Types of Heart Surgery: Understanding the treatment options & road to recovery

Heart surgeries are usually performed to correct different types of heart diseases. Although heart diseases and problems don’t always require surgery and can be addressed with appropriate medications and lifestyle changes, while certain heart diseases and conditions may require surgical intervention.

Heart surgeries not only address issues in the arteries and heart valves but also help restore blood. Further listed are some useful details about the different types of heart surgery and the various treatment options associated with it.

Types of Heart Surgery

Here’s a list of some of the most common types of heart surgeries, as listed by NHLBI (National Heart, Lung & Blood Institute).

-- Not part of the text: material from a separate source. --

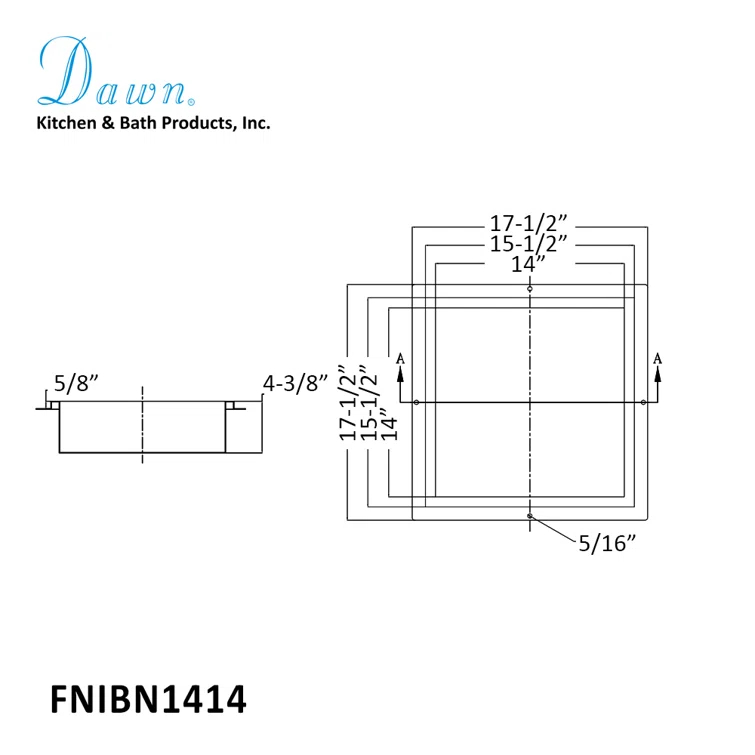 Stainless Steel Shower Niche 14" x 14" Bathroom Niche Shelf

  1. CABG or Coronary Artery Bypass GraftingCABG is also referred to as coronary artery bypass surgery or heart bypass surgery. In this type of heart surgery, the surgeon takes a healthy artery or vein from another part of your body and connects it to supply the blood across the blocked coronary artery. This grafted vein or artery bypasses the blocked parts of the coronary artery, thereby creating a new path for blood circulation to the heart muscles. Usually, this procedure is performed for more than one coronary artery during the same CABG surgery.
  2. Heart Valve Replacement or Repair – In this heart surgery, the surgeon either repairs the heart valve or replaces it with an artificial heart valve or a biological valve that is made from human heart tissues. However, during the heart valve repair, a catheter is inserted through a large blood vessel and is guided to the heart. There is also a small balloon at the tip of the catheter that is meant to widen a narrow valve.
  3. Maze Surgery – In this heart surgery, the surgeon builds a pattern of scar tissues inside the upper chambers of the heart in order to redirect the electrical signals to the lower chambers of the heart along a controlled path. This surgery also blocks all stray electrical signals that generally cause the most common type of severe Arrhythmia (atrial fibrillation).
  4. ICD or Implantable Cardioverter Defibrillator – Even though medicines are usually the main treatment option for Arrhythmia (a medical condition in which the heart beats too slow or too fast, or with an irregular rhythm), most surgeons recommend ICD surgery to patients who have Arrhythmia. If medications don’t work, then surgeons perform ICD heart surgery in which they implant a pacemaker under the skin of the chest or the abdomen. The wires of the pacemaker are connected to the heart chambers. This device makes the use of electrical pulses to control the rhythm of the heartbeat and restores the normal rhythm by sending an electric shock.
  5. Heart Transplant Surgery – In a heart transplant surgery, a diseased or weak heart is replaced with a healthy heart from a deceased donor. This type of heart surgery is quite complicated, and it usually requires lifelong healthcare and maintenance and proper medications.
  6. Aneurysm Repair – It is a type of heart surgery in which a weaker section of the heart wall or the artery is replaced with a graft or patch. This surgery is usually performed to repair a rounded bulge in the wall of the heart muscle or the artery.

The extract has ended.